Finding Out Who I Wasn’t: A Poem

I gave you so much importance.

I had no idea who you were.

We never crossed those limits.

And I wouldn’t have.

And yet you terrified me.

Wanting to be in your presence.

As decoration, a few hours, neglecting what mattered.


I pretended around you.

Wanting to lose myself.

Jumping into a new net of expectations.

They’d never be met.

You meant nothing to me and yet I made you matter.


Something inside of me felt weak and under attack.

Why please you when I considered you the most uninspiring

And uninteresting people in the world?


I already had so many better things on my mind.

But there would always be those nights

Where I wanted to be someone else and those

Dreadful dry mornings when your square metre horizons

Clashed with the real world that I lived in.


You were a carnival of pretence and ignorance,

Silly games and debauchery and pseudo stallion power trips.

I had never been more bored yet in the middle of it all.

Faking myself. Trying to blend in with you.
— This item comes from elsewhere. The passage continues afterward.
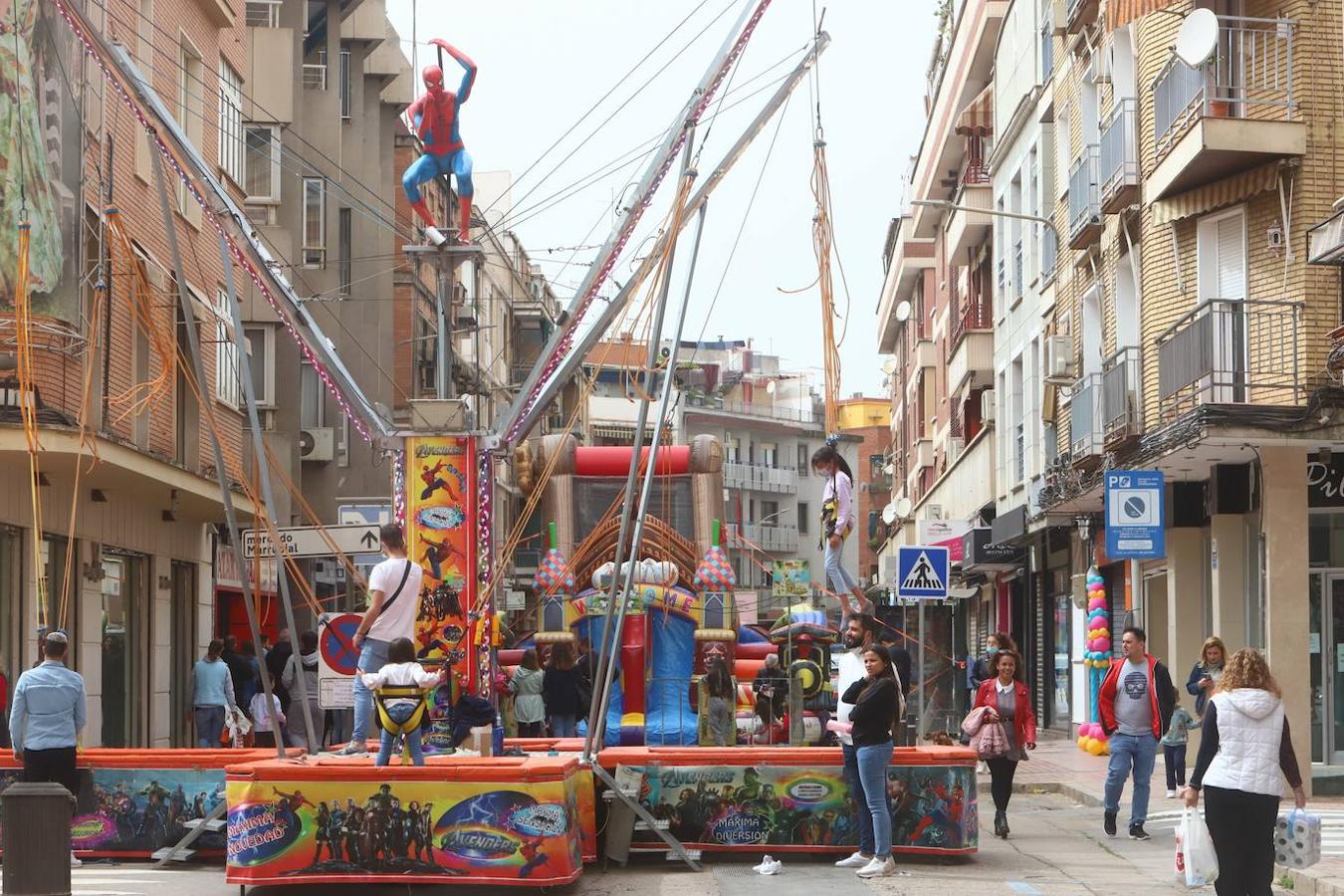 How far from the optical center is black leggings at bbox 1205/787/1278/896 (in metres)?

Presumably entertained.

I never understood what I had been doing there with you.

You had absolutely nothing to say in a conversation.
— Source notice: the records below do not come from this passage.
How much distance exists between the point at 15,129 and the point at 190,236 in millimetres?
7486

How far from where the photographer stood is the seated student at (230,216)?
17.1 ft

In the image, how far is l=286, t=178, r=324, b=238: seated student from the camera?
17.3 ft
You just wanted to celebrate and die one night at a time, bit by bit.

Nothing on your mind.


What depressed me was the sheer absence of dreams in your face.

The rotten things that came out of your loud mouths.

The way you presented yourself to the world.

The lack of ideals and knowledge and empathy.

No, nothing, your eyes were blank, just you and your circus.


And yet you all acted like you rocked the universe.

You only had your bony fists, your parents’ money in your pockets,

Your brands and way too much alcohol on your breaths.

Blind to each other. I’d observe you.

Never belonging there with you.


How you pissed on the world.

On women. On education. On matters of substance.

And it hurt to see girls applauding you whilst you bullied them.

They just wanted to get as close to a copy of a copy of love as

They possibly could.


They’d cash in all the cheating and humiliation.

They just couldn’t stay alone.

Misery and constant heartache entertained them at least,

Gave them the impression that they somehow mattered after all,

Attaching themselves to these pretentious vile baby boys

Who’d always think that they’re in charge.

And I’d discover the fragile pride on the girls’ faces,

Yes, I judged, and at times I’d stand on the very same edge,

And judged myself

But I’d rather fall on my face a million times before resigning to that.